June 3, 2007 — -- Who are you? Douglas Hofstadter, the Pulitzer Prize-winning author of "Godel, Escher, Bach: An Eternal Golden Braid," has just written a sequel to that much-acclaimed book in which he focuses on the nature of consciousness and self.
What does it mean to be conscious, to be self-aware? What is a self? What is an "I"? One reason it is so difficult to get a scientific handle on these questions is that we're too close to them. We can't employ the usual scientific technique of stripping away the subjective elements of a phenomenon to arrive at an objective account of it since it is the subjective elements we want to understand.
The gist of Hofstadter's answer to these questions in "I Am a Strange Loop" is that the self and awareness are best understood by looking at higher-level patterns and structures made possible by the underlying biochemistry of our brains. These patterns and structures are self-referential and emerge over time from complex neuronal activity.

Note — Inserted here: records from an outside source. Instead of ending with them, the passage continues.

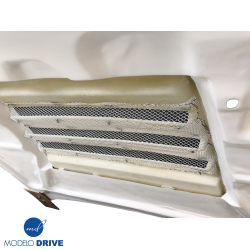 ModeloDrive FRP DMA D1 Hood > Nissan 240SX 1989-1994 image - 26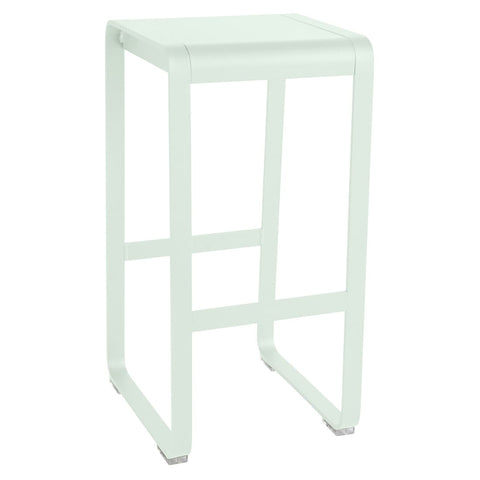 Tabouret haut de bar BELLEVIE de la marque française Fermob. Acheter Fermob en ligne. Rincón del Mueble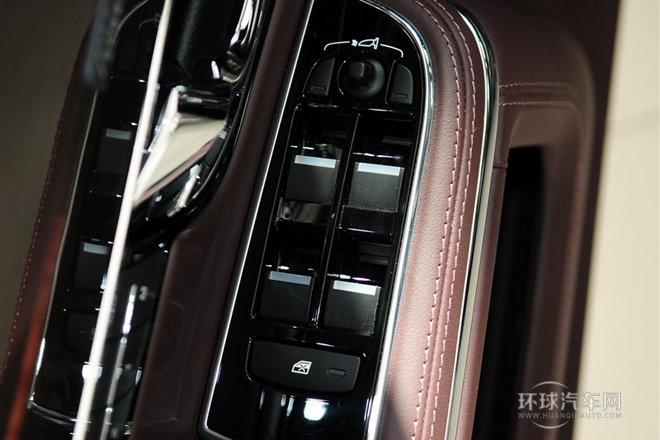 2013款 XJL 5.0 SC 巔峰創世版 五座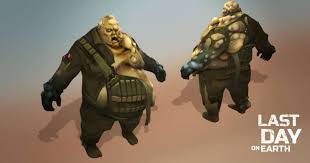 Hasil gambar untuk Last Day on Earth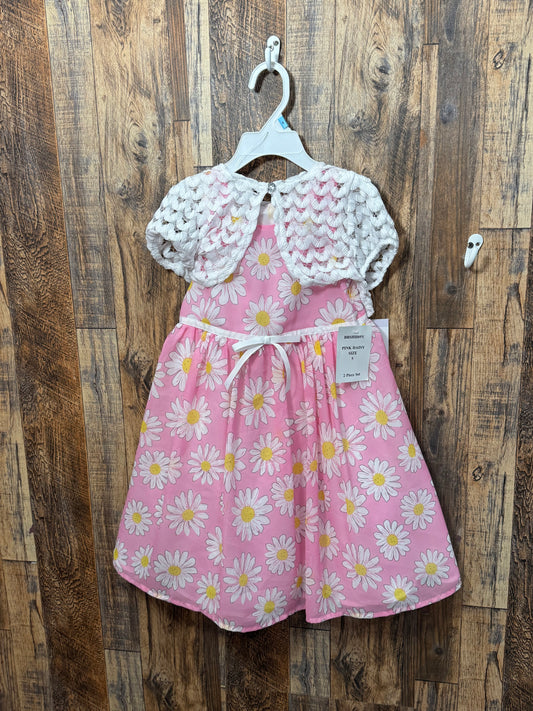 Dress NWT, size 5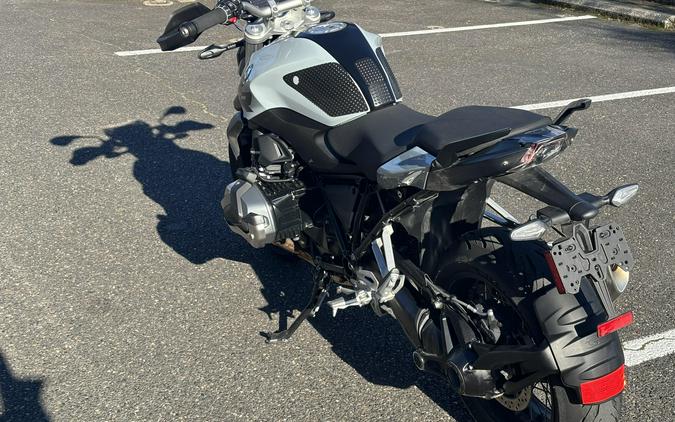 2024 BMW R 1250 R - ICE GREY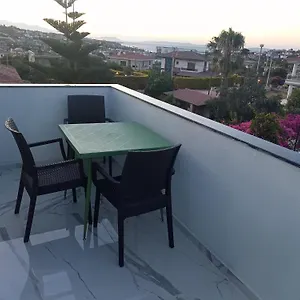Apart Otel Homes, Çeşme
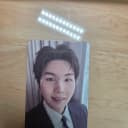 방탄 부산콘 아리랑 포카 판매해요! 1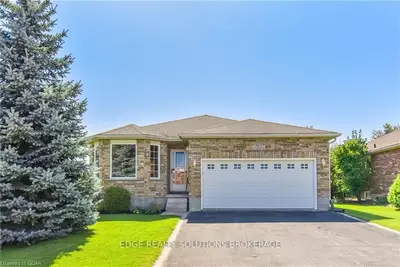 765 St David Street S, Centre Wellington, On N1m 3v3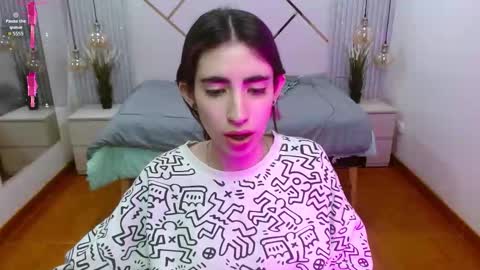 Lena online show from December 3, 3:36 pm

What does this mean? One of the joys of Hofstadter's book is that it is full of suggestive metaphors. To hint at the unexpected consequences of even the simplest self-reference, for example, he considers a video camera aimed at a television monitor that shows its own output resulting, especially when the camera is moving, in a variety of hall-of-mirrors effects, some familiar, some not.
Another illuminating metaphor helps elucidate how symbolic thought emerges from lower-level neuronal buzz. Hofstadter asks us to imagine a billiard table with countless small interacting magnetic marbles, or simms. These simms careen around the table, leading Hofstadter to term it the careenium.
Sometimes these simms clump together magnetically and form spherical clusters of simms or simmballs. The simms move around randomly, but these larger simmballs have trajectories that are partially determined by external forces to the careenium, and their movement thus begins to model conditions outside the careenium.